** Data supplied follows **

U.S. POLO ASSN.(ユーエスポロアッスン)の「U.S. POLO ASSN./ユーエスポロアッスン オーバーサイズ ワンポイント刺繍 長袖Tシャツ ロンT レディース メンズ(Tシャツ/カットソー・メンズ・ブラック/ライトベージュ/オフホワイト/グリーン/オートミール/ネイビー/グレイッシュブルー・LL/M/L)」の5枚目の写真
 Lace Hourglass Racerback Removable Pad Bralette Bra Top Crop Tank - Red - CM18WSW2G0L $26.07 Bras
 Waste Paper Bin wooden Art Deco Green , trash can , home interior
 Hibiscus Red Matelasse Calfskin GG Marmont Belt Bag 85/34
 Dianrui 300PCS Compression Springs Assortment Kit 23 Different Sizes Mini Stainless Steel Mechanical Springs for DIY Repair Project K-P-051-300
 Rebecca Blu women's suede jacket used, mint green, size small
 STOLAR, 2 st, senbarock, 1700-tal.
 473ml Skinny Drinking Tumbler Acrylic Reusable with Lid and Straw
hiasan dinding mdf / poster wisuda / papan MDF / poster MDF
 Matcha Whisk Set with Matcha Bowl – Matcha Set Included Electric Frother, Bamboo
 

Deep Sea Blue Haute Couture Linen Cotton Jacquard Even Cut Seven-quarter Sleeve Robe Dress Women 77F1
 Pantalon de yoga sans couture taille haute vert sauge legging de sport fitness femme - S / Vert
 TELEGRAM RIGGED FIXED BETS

** End of Data supplied **

**To do**
Show, from the entries above, every line that includes the string "with".

**Solution**
 473ml Skinny Drinking Tumbler Acrylic Reusable with Lid and Straw
 Matcha Whisk Set with Matcha Bowl – Matcha Set Included Electric Frother, Bamboo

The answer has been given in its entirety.